Charlotte, N.C. – The North Carolina Supreme Court has ruled on a case in which Charlotte partner Will Esser served as the pro bono attorney representing a neglected child. The ruling clarifies an important issue in juvenile cases: the circumstances under which the parental rights of an incarcerated person can be terminated.
Will Esser took on the case two years ago as part of the North Carolina’s Guardian ad Litem program, which finds attorneys to represent abused and neglected children who would otherwise go to court without someone to advocate for them. Over the past two fiscal years, Will and other Parker Poe attorneys have handled more Guardian ad Litem cases than attorneys at any other firm in North Carolina, according to state data.
In this particular case, Will says the Supreme Court ruling brings significant stability to a 4-year-old girl’s life.
“The only thing left standing between the child being adopted by loving foster parents was the father not wanting to give up his parental rights,” he says. “With the finality that the Supreme Court now provided, that adoption can go forward, and a little girl – who has never known anybody but the family she’s with – can be permanently adopted by them.”
The child was 2 months old when the New Hanover County Department of Social Services (DSS) took her into its care. The mother voluntarily gave up parental rights, and a trial court terminated the father’s parental rights. But an appeals court gave him back those rights, ruling only the mother was responsible since the father was in prison at the time of neglect.

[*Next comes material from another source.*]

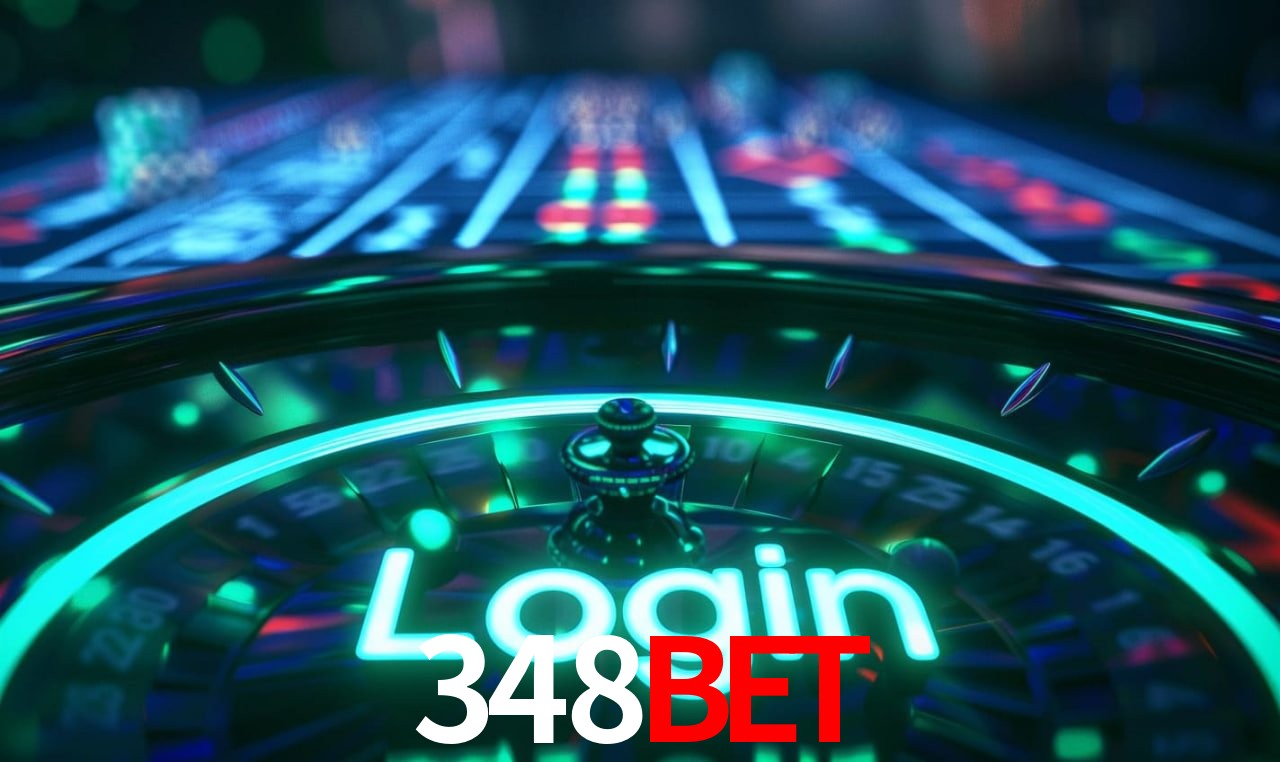 Jogo Spaceman 348bet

The state Supreme Court overturned that decision, reaffirming its precedent that “incarceration, standing alone, is neither a sword nor a shield in a termination of parental rights decision.” The Supreme Court ruled DSS met the burden of proving by “clear, cogent, and convincing evidence that grounds existed to justify termination.” The justices noted the father’s failure to consistently comply with court directives after his release, as well as his history of criminal activity and substance abuse.
The appeal is among 13 that Will has handled as a Guardian ad Litem advocate since 2012. He also continually recruits new attorneys into the pro bono program.